Some applicants may have been deported by an immigration court and not even know about that. Many people are deported by not appearing at a court date they never even knew about, usually following a denial of another immigration application. If a family member went to a “notario publico” and filed anything with false information, a denial and subsequent knock at the door by immigration agents is a real possibility.

While it is true that the basic eligibility requirements of the DACA program are not complex, and that filling the forms out are not a challenge for most applicants, the decision to file in the first place, or to know whether another immigration benefit might be an option should be seriously considered before sending paper work to the immigration service.
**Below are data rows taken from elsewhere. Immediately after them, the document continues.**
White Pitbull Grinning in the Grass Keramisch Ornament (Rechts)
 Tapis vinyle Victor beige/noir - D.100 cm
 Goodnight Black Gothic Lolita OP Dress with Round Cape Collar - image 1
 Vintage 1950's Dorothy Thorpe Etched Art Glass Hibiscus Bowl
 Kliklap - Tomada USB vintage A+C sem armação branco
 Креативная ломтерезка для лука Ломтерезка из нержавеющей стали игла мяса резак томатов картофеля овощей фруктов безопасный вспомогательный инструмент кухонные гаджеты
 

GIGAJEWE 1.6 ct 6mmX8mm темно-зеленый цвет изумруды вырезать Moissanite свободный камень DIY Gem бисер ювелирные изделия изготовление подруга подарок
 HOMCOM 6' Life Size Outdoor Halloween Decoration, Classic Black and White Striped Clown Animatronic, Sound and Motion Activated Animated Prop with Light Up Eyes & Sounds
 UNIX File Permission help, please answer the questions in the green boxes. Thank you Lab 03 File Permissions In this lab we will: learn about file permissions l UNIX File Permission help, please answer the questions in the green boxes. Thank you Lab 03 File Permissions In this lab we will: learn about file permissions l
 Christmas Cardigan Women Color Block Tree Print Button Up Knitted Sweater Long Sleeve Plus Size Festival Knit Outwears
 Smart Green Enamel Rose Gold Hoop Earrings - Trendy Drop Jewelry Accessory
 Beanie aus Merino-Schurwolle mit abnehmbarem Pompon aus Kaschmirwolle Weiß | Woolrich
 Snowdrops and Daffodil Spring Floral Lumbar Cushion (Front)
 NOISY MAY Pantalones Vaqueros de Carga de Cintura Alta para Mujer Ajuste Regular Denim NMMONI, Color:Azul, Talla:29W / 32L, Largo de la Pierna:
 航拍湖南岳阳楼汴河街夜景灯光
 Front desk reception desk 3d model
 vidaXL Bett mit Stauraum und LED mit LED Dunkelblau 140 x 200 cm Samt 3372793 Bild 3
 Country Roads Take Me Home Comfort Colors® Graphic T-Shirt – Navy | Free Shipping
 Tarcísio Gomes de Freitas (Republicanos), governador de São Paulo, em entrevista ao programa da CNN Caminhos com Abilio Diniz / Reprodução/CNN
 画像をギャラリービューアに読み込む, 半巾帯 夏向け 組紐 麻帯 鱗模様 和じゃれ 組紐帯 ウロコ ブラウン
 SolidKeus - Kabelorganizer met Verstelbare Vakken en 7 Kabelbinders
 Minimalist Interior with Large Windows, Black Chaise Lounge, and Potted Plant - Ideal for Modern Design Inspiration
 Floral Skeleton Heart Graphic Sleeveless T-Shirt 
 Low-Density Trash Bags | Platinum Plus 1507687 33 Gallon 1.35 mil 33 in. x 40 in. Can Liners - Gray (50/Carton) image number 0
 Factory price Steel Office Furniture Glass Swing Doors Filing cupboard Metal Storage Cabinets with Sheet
Immigration Attorneys who belong to the American Immigration Lawyers Association (www.aila.org), or BIA accredited representatives are qualified to provide competent and trustworthy advice. There are some groups of non-profit agencies who are claiming that lawyers are not needed to apply for DACA, which is a dangerous and self-serving claim. Even Reps. Dick Durbin and Luis Gutierrez blundered by initially advising people not to hire lawyers while also warning that the law is complex. To make matters worse, there are unscrupulous “notarios” or “immigration consultants” who falsely claim to be competent to handle legal matters who will certainly damage the hopes of many applicants, by incorrectly filing applications or who will just steal money from potential Dreamers.

In all cases, the decision to file for this temporary administrative reprieve ought to be an informed decision to be made after consulting with a qualified immigration attorney.